::: Material provided :::

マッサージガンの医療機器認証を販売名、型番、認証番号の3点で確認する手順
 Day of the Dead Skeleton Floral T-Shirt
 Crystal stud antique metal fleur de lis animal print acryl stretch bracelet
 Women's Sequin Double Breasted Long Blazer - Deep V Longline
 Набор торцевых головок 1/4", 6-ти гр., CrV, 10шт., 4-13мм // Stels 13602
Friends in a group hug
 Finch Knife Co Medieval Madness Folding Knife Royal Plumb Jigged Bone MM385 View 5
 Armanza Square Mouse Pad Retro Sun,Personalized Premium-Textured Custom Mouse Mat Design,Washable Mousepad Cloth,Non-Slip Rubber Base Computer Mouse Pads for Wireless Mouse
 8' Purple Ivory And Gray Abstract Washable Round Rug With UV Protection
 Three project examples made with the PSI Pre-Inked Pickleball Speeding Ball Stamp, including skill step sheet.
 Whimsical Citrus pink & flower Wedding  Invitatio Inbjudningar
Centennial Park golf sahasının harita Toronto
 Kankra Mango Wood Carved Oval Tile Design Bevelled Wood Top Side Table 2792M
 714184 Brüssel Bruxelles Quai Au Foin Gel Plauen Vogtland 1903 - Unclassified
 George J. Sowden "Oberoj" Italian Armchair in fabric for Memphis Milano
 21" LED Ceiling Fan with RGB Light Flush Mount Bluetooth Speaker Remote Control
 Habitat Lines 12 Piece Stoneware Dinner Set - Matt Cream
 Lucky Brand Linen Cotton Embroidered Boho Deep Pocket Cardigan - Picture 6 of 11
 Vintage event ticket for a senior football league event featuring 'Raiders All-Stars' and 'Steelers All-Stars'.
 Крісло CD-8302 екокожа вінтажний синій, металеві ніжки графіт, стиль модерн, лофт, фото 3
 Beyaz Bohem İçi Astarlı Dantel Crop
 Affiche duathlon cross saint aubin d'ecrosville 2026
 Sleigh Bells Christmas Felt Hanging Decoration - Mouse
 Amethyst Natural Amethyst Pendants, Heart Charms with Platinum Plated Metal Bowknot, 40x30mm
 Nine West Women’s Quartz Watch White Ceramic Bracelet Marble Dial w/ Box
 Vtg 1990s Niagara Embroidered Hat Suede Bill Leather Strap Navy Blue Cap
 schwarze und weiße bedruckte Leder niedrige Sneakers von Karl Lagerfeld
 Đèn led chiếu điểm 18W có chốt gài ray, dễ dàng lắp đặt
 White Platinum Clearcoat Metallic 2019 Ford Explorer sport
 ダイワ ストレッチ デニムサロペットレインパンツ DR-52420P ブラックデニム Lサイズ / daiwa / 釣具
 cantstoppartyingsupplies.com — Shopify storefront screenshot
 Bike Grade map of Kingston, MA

:::

What to produce: Copy, exactly as written, the lines above, beginning with the one that contains "White Platinum Clearcoat" and ending with the last.

Reply to the task:
 White Platinum Clearcoat Metallic 2019 Ford Explorer sport
 ダイワ ストレッチ デニムサロペットレインパンツ DR-52420P ブラックデニム Lサイズ / daiwa / 釣具
 cantstoppartyingsupplies.com — Shopify storefront screenshot
 Bike Grade map of Kingston, MA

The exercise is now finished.